WHAT THE EXERCISE ASKS: Return only the count of lines in the listing below where the word "Shorts" appears.
====== RECORDS SHOWN
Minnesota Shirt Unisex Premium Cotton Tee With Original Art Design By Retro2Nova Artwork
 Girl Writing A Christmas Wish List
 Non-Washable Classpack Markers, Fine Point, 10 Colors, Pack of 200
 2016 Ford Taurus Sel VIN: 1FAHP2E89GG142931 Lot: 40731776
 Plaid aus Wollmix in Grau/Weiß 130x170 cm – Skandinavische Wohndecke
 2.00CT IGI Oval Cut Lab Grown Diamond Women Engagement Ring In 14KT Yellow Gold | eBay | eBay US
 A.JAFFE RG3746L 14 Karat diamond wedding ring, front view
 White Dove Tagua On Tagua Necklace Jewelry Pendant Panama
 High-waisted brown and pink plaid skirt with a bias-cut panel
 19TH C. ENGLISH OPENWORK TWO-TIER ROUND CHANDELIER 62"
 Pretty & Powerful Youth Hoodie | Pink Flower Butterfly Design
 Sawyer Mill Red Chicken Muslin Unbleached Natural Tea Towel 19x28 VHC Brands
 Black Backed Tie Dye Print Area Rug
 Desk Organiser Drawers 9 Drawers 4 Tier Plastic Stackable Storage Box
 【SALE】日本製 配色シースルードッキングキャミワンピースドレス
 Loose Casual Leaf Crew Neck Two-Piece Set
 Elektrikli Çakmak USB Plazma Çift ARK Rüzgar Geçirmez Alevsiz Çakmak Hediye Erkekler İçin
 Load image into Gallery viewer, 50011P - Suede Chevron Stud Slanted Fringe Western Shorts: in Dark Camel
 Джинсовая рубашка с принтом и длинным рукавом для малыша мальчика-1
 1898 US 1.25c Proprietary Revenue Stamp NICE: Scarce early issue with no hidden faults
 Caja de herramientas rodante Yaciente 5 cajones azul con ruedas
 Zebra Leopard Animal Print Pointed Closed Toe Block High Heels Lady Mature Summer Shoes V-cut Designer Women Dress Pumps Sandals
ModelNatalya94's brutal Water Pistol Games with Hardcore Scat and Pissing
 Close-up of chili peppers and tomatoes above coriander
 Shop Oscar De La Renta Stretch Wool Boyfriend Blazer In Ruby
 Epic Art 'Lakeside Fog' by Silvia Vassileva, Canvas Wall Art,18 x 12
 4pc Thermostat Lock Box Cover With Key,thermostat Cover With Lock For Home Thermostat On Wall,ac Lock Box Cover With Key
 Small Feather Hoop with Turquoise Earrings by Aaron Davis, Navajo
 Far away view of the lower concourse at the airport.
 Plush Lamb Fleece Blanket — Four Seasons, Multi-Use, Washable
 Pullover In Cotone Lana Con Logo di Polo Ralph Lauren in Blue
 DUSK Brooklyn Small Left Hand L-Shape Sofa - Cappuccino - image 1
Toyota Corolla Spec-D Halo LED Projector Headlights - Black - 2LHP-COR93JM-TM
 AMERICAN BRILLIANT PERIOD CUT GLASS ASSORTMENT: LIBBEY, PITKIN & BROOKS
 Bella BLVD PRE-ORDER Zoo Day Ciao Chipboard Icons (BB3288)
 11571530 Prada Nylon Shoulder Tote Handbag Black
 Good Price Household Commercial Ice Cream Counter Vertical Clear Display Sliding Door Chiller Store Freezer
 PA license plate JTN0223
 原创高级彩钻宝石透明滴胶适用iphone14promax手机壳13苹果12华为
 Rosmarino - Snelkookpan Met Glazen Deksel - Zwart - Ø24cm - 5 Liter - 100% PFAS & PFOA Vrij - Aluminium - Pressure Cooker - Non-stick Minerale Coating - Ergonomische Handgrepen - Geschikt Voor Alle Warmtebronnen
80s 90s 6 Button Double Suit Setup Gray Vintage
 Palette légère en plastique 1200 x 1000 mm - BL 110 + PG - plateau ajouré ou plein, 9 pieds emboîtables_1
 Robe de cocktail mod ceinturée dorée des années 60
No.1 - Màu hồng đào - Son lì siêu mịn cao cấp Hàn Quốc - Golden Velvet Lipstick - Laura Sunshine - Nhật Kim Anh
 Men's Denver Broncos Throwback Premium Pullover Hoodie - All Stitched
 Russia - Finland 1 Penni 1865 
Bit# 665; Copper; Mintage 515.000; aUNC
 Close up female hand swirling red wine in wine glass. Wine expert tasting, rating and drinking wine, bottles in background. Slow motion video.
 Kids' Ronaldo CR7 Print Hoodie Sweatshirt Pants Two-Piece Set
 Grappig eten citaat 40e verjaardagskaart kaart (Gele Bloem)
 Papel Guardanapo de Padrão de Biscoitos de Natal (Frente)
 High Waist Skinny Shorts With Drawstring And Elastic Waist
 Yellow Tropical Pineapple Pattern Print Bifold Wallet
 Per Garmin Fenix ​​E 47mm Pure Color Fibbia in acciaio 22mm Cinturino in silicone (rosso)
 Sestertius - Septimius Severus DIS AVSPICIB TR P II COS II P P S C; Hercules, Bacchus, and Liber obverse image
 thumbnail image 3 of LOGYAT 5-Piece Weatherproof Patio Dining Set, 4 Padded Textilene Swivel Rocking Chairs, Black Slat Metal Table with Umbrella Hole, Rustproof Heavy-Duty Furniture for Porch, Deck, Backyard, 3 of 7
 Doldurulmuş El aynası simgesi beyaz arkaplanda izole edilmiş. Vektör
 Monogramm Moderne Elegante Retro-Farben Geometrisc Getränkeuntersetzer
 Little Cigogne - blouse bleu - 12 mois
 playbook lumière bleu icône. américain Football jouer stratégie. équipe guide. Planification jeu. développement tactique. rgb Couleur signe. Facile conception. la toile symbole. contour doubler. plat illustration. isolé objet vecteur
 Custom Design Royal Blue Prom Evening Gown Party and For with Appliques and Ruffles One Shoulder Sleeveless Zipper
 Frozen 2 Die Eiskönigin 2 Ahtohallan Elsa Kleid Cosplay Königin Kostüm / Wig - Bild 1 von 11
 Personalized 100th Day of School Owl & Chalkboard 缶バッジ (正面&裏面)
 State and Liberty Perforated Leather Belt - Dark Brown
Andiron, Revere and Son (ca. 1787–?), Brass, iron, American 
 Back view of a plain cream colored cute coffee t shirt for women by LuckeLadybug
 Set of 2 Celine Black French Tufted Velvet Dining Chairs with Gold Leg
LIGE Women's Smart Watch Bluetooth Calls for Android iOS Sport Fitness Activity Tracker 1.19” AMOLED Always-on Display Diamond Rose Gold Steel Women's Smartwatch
============
SOLVED EXERCISE: 2